Tico: cercado pelo Rei e pela memória da música.

Tico, pilotando seu sonho, ao longo dos anos, vem formando ouvintes fieis e forjando novos fãs do Rei. Suas histórias, nas ondas do rádio, são crônicas espontâneas de saudades, embaladas quase sempre por um clássico da jovem guarda.

A Rádio Padre Pedro FM faz parte da minha memória afetiva. Dia desses, dentro do meu carro, em Porto Velho, sintonizei uma playlist no meu Spotfy, criada com base nesse passado nostálgico.

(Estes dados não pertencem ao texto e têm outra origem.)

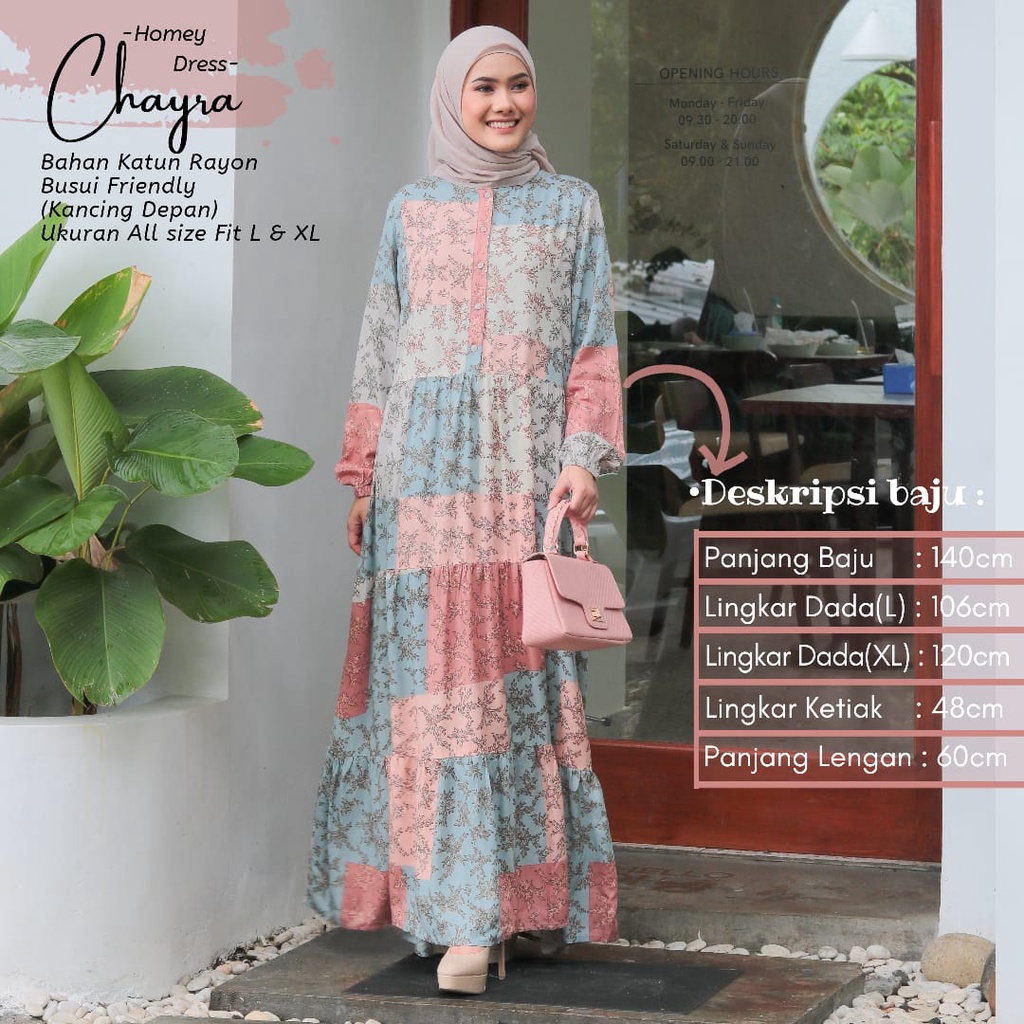 Gamis Dewasa Motif Daun - Homey Dress Chayra Jumbo Ukuran XL LD 120 - Bahan Katun Rayon Premium - Gamis Dewasa Jumbo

Jerry Adriani cantava “Rosas Rubras”, transportando meus sentidos a um longínquo final de tarde de sábado, família reunida, churrasco assando, feijão verde no fogo, cerveja e saudade.

Tico RC é uma personalidade autêntica, homem orgulhoso de suas conquistas, pai e avô dedicado. A vida lhe é próspera, coroada de sua grande família, agora com mais duas filhas, Ana Renata e Ana Júlia, além dos netos e netas.

A Rádio Padre Pedro FM é o Divã de Tico, onde o fundador se abre em reflexões, em rememorar o passado, a criança que foi, o menino que ainda vive nele; suas emoções, detalhes de um passado imorredouro.

Por mais de um quarto de século, posso dizer que a Rádio Padre Pedro FM é uma companhia frequente em diversos lares de Brejo Santo, zona urbana, zona rural, seja no café, no almoço, no fim das tardes, nos sábados, domingos e feriados, como um livro falado, um companheiro, um amigo conselheiro, que resgata lembranças e momentos felizes, com o melhor da canção. Tico RC e a Rádio Padre Pedro FM são cultura e são do povo.


Hérlon Fernandes Gomes, Porto Velho, Rondônia. 16 de Outubro de 2022.


Para meus pais, Sebastião e Tôta, fãs da rádio Padre Pedro FM, amigos de Tico RC e família. Ao amigo Paulo Renato, que tem seguido os caminhos do pai, navegando com o ouvinte pelas ondas do rádio.